How can I use the index-structures in ELKI?

Question

These are quotes form http://elki.dbs.ifi.lmu.de/ :

"Essentially, we bind the abstract distance query to a database, and then get a nearest neighbor search for this distance. At this point, ELKI will automatically choose the most appropriate kNN query class. If there exist an appropriate index for our distance function (not every index can accelerate every distance!), it will automatically be used here."

"The getKNNForDBID method may boil down to a slow linear scan, but when the database has an appropriate index, the index query will be used. Then the algorithm can run in O(n k log n) or even O(n k) time."

The question is: on what basis do ELKI choose to run the index query or not ?

what is meant by: "when the database has an appropriate index", and how can I guarantee that?

another irrelevant question about the signature of "run" method, why is there 3 signatures instead of just 1? and what are the differences between them, and what are the criteria to determine which signature to use ?

Answer 1

There is a howto page on this in the ELKI wiki: http://elki.dbs.ifi.lmu.de/wiki/HowTo/Index

Essentially, you have to add an index using -db.index.

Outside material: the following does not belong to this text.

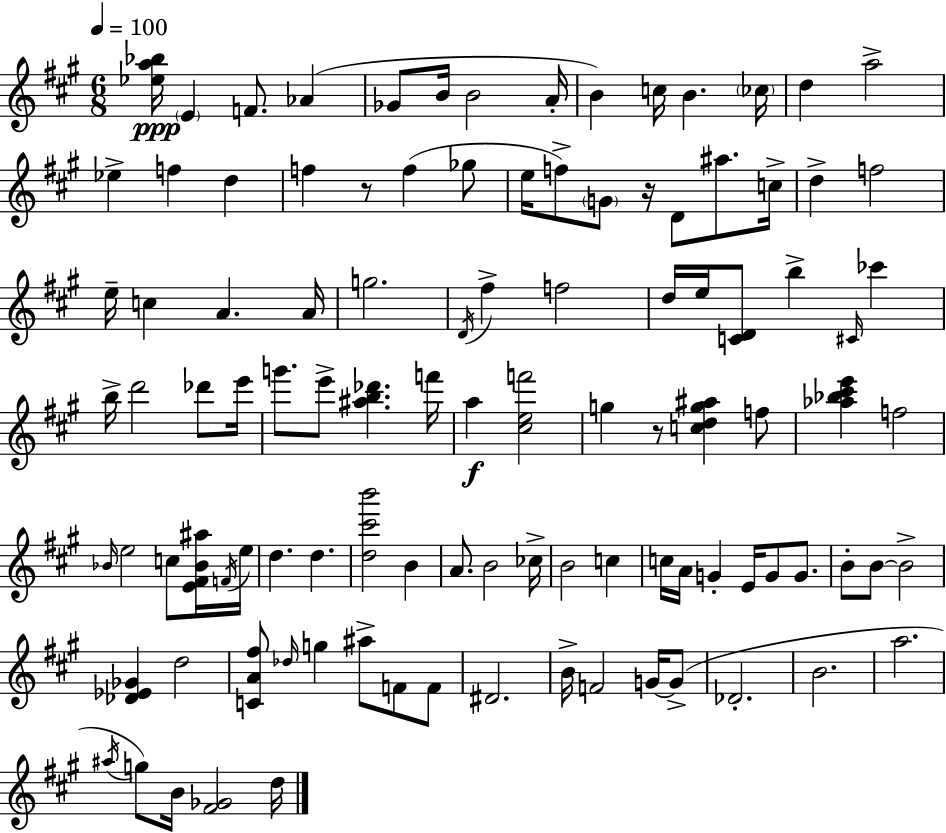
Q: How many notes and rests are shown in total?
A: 105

It will then be used automatically if the index supports the distance metric. The R*-Tree seems to be the most powerful. There also is a tutorial on adding R-tree indexing support for custom distance functions: http://elki.dbs.ifi.lmu.de/wiki/Tutorial/SpatialDistanceFunctions

As for the second question: there is a run(Database) method in AbstractAlgorithm that uses introspection to check for alternative method signatures. It's a mess, but it is actually convenient to be able to choose one of the signatures. Just make sure, your getInputTypeRestriction() matches. It makes sense when you work with multiple relations. As long as you live in the "everything is a (single) vector" thinking, it seems superfluous; but even then it's convenient to have a run(Database database, Relation<O> relation) signature that already has the data relation to process.

Answer 2

This is mostly a follow-up to @Anony-Mousse's post, which is quite on-target.

Indexes need to be added to the database by the user. There current is no automatic indexing (as any index will require extra memory and construction time). -db.index is the parameter for this. Support for automatic indexing is on the wish list, but it requires carefully tuned cost models. On small data set or high dimensional data, or when the user doesn't need this type of queries at all, adding an index will come at a cost.

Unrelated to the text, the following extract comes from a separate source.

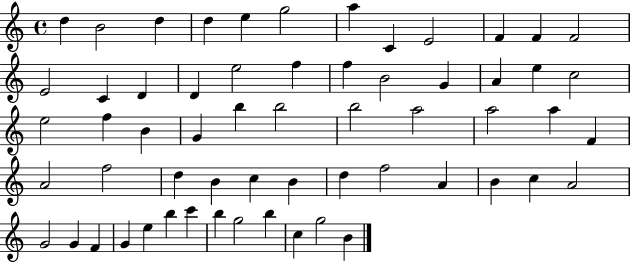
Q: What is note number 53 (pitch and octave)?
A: B5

The database will forward the query request to each index in order. The first index to offer acceleration wins. If no index returns an accelerated query, the database will fall back to a linear scan, unless the hint DatabaseQuery.HINT_OPTIMIZED_ONLY was given. In this case, null will be returned. An linear scan can be forced via QueryUtil, which is mostly useful for unit testing indexes.

M-Trees can work with any numeric distance, but if the distance is not metric the results may be incorrect. An error should be reported if a distance function does not report isMetric() as true.

R-Trees can work with any distance function that implements SpatialPrimitiveDistanceFunction, which essentially means implementing a lower bound point-to-rectangle distance. A lower bound can be found for many distance functions, but effectiveness can vary. For example, angular distances will benefit much less from the rectangular pages the R-tree uses.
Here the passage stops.